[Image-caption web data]
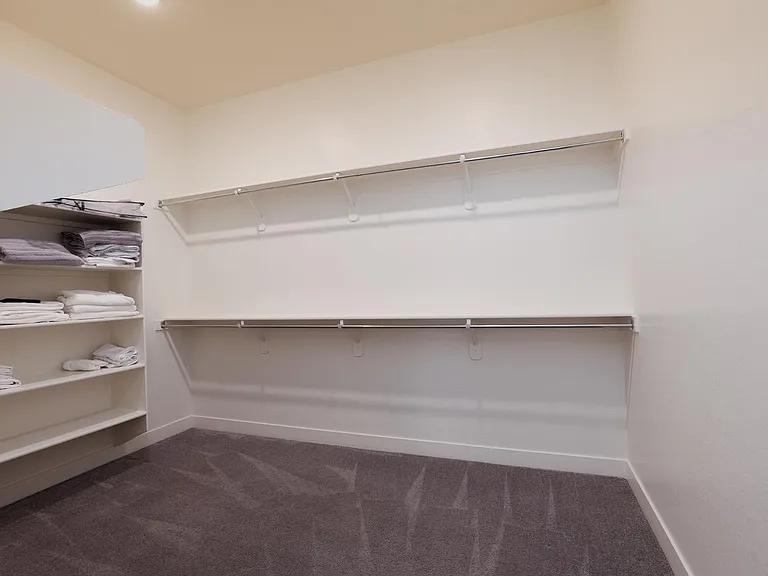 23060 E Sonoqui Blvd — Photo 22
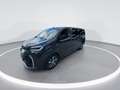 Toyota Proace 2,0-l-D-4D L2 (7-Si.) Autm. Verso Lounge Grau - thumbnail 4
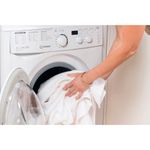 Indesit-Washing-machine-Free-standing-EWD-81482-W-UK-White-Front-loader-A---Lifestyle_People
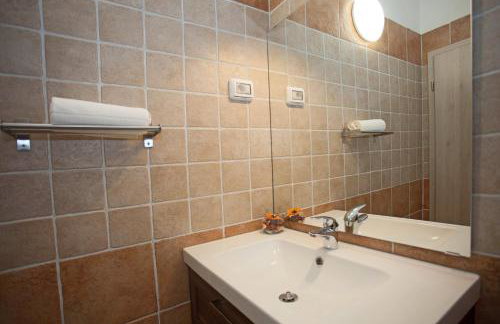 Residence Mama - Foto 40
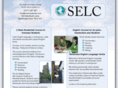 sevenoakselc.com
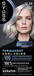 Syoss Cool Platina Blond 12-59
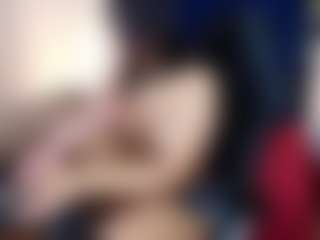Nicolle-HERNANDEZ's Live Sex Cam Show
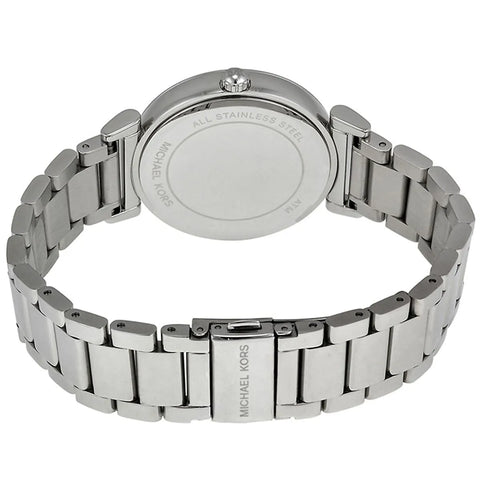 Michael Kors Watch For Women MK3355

- _Task prompt_
Transcribe the records above exactly, leaving out every picture.

- _Your solution_
 23060 E Sonoqui Blvd — Photo 22
 Toyota Proace 2,0-l-D-4D L2 (7-Si.) Autm. Verso Lounge Grau - thumbnail 4
 Indesit-Washing-machine-Free-standing-EWD-81482-W-UK-White-Front-loader-A---Lifestyle_People
 Residence Mama - Foto 40
 sevenoakselc.com
 Syoss Cool Platina Blond 12-59
Nicolle-HERNANDEZ's Live Sex Cam Show
 Michael Kors Watch For Women MK3355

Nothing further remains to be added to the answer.